4 of 4 people found the following review helpful
A dramatic and star reviving picture,
This review is from: Erin Brockovich [DVD]  (DVD)
After losing a court trial Erin Brockovich (Roberts) forcefully secures a post at a law firm in the hope of raising money for her child and doing something substantial in her life.
When the credits rolled and text appeared declared what happened next I had up to this point forgotten this in fact is a true story, which when looking back is a remarkable story.
Opening with the Pretty Woman actress conversing with a stereotypical boss type at an interview her presence is felt strongly and we know we are in for a strong drama.
As if to compact the genre into full flow we have a shocking car crash which ultimately leads to an unhappy Erin and the introduction of the law firm is set in motion with a staggering no holds barred meeting.
The plot continues to move forward with its main star, coasting through some powerful real life motions such as being a single parent, struggling with finance and having difficulty getting work. The realism it portrays is strong and can be associated with any viewer and the fact that this is based on a woman's personal experience may have people shedding a tear or two, which is helped along by a bravado Julia Roberts.
The actress at present in 2000 was in a run of a conventional romantic roles. My best friend's wedding, Notting Hill and Runaway bride had all appeared on the star's CV in recent years and here she branches out into a harder dramatic role that enables us viewers to truly see her full potential, which in turn was noticed by Hollywood who won her an Academy Award for her portrayal. I confess to never being high on her fan list but here we do see charisma and a no holds barred approach to truth telling and appetite for enthusiasm.

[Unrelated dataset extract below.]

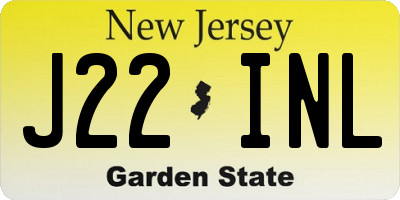 NJ license plate J22INL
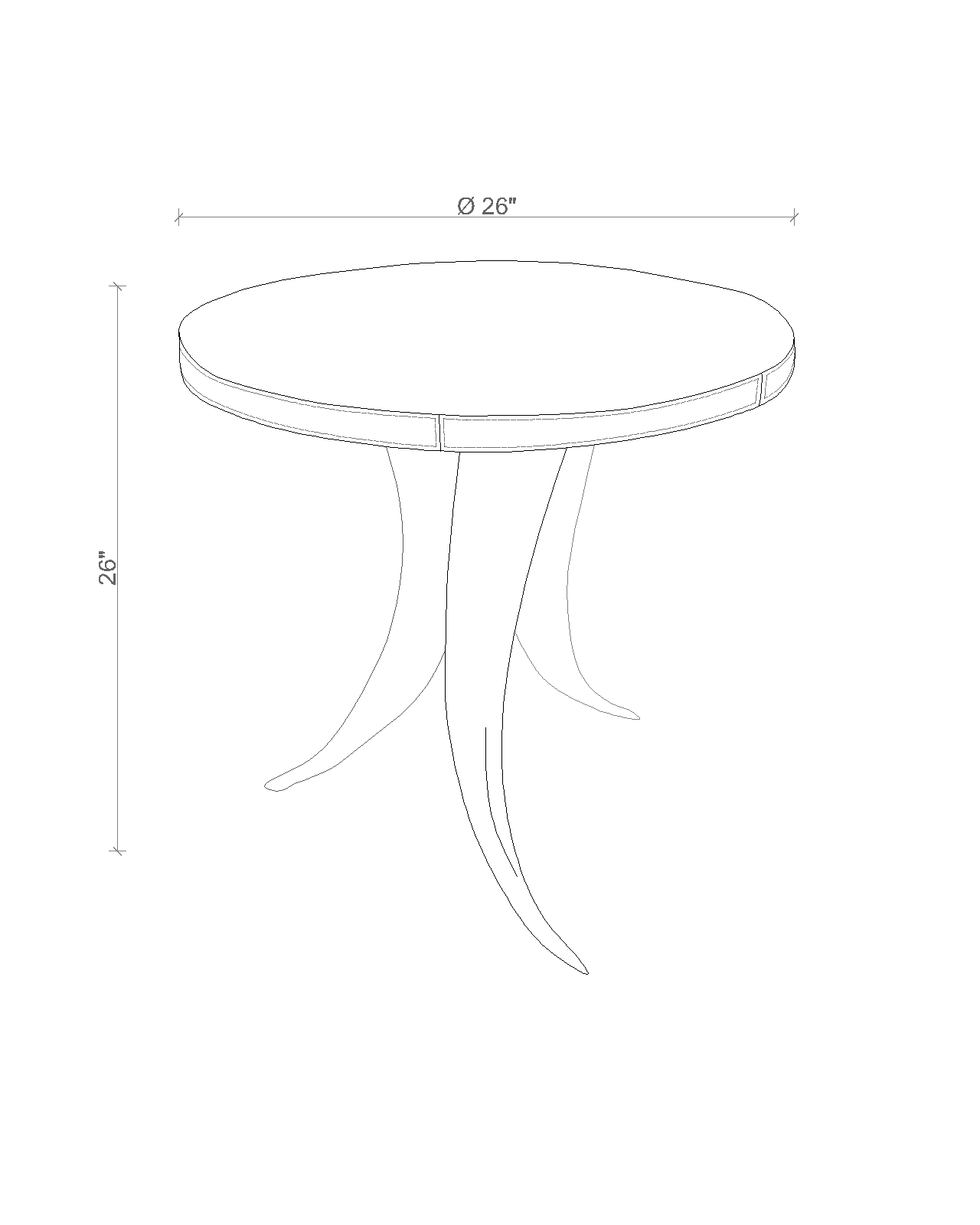 Cow Horn Table - Large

One scene near the end where she is sitting with her boss and two lawyers is brilliant when she challenges her rival to name people and numbers, moment of the film.
The supporting collection of actors lend subtle support to the main star. Aaron Eckhart is brilliant if underused as George the biker whilst Albert Finney is a revelation as a man who knows too much.
Steven Soderbergh, beaten at the Oscars by his other work in Traffic, supplies the necessary dramatic styling of a plot not too high up on action and containing enough dramatic controversy and suspense to see us through. The scenes in the record offices are a bit stretched whilst seeing George with the kid is a bit of an overstep. However he more than makes up with it in the slightly humorous town's meeting and office sessions.
This film, though smart in its casting and directing has a certain lackadaisical approach to story telling. Though based obviously on a true story there is a lack of pacing a stretching of scenes, a feeling of repetitiveness that you can never shake off. Whilst the ending intends to be a feel good motive you don't ultimately feel rewarded at the arrival and to the point in which it got their.
And yet this is a good picture. A good film that is worth seeing if not too often.